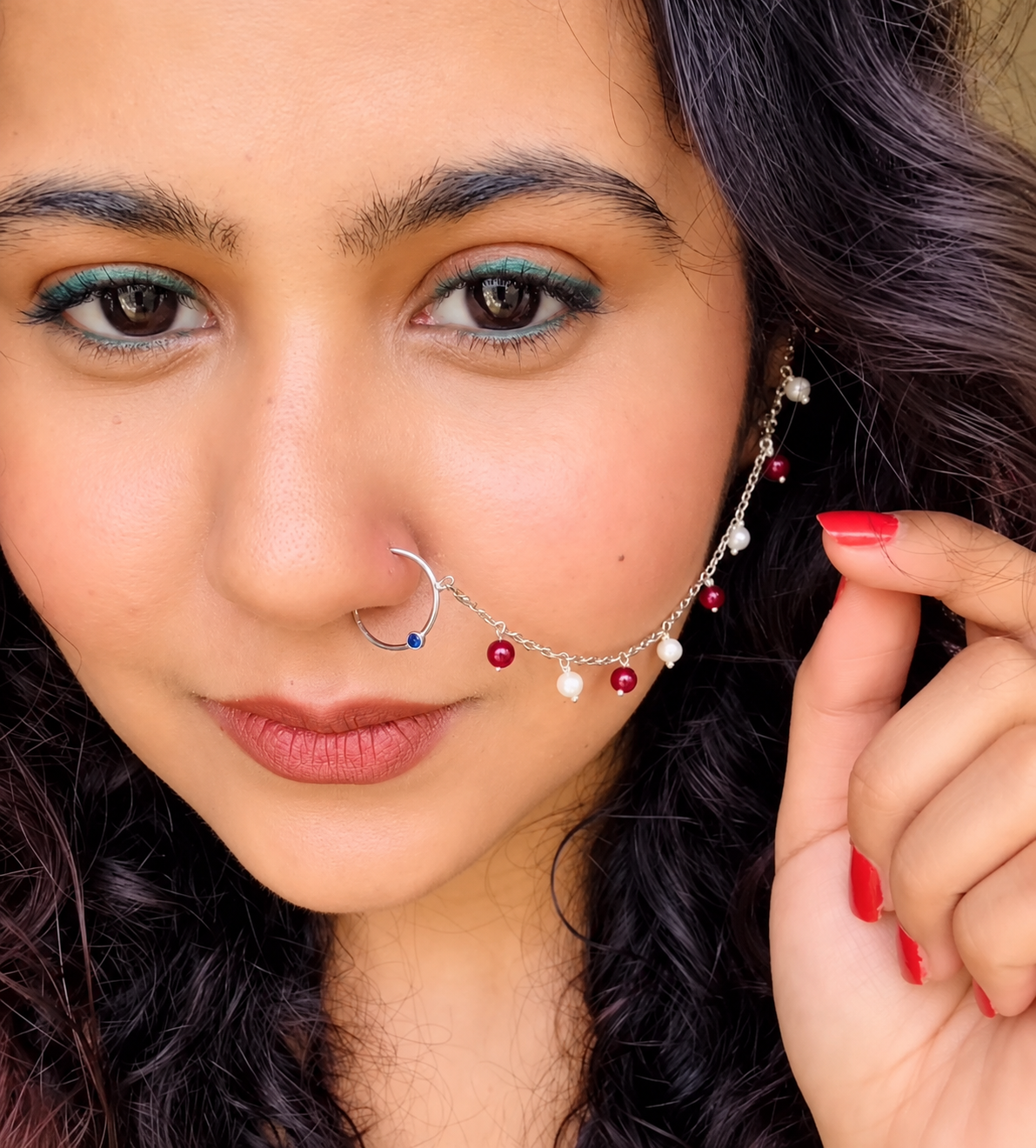 Nose Chain Jewellery in fine sterling silver worn as a lifestyle look, featuring an ultra-thin delicate link draped accent line dotted with alternate crimson and white pearl beads by Rivansh.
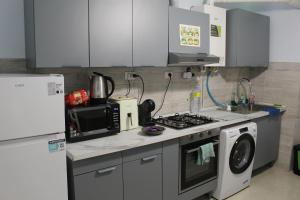 a kitchen with a stove top oven next to a microwave at Uddin House in Genoa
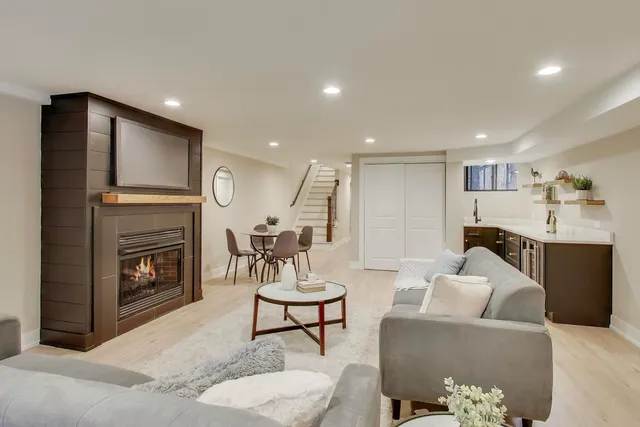 a living room with furniture and a fireplace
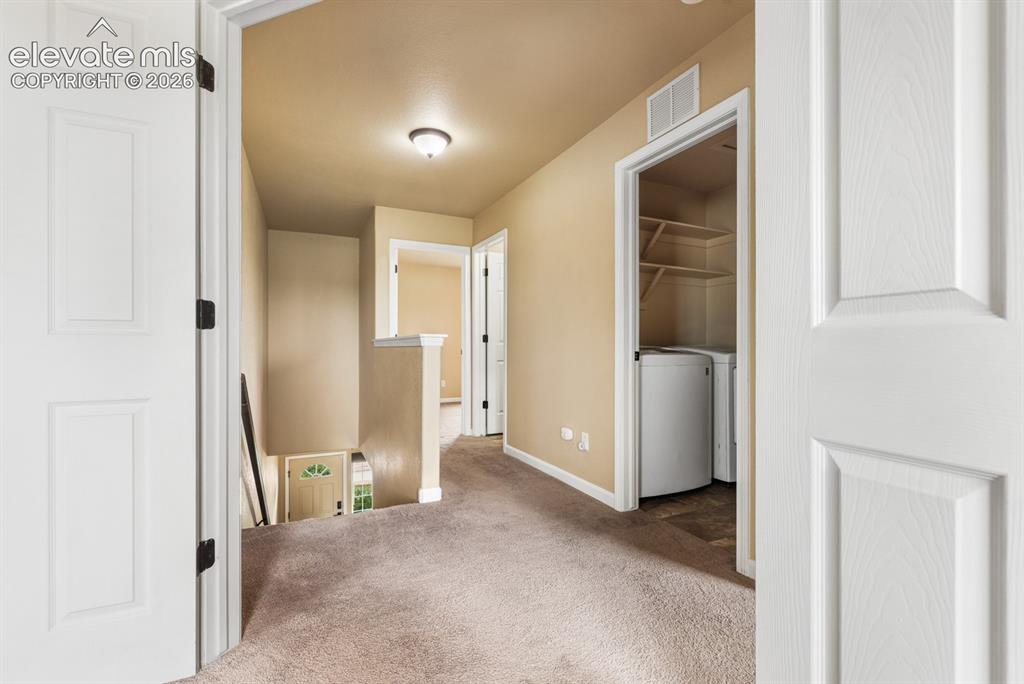 Image 26 of 50: Carpeted hallway with a built-in laundry area featuring a washer and dryer,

▶ _TASK GOAL_:
No pictures go in the copy. Set down all the data exactly.

▶ _WRITTEN RESPONSE_:
 Nose Chain Jewellery in fine sterling silver worn as a lifestyle look, featuring an ultra-thin delicate link draped accent line dotted with alternate crimson and white pearl beads by Rivansh.
 a kitchen with a stove top oven next to a microwave at Uddin House in Genoa
 a living room with furniture and a fireplace
 Image 26 of 50: Carpeted hallway with a built-in laundry area featuring a washer and dryer,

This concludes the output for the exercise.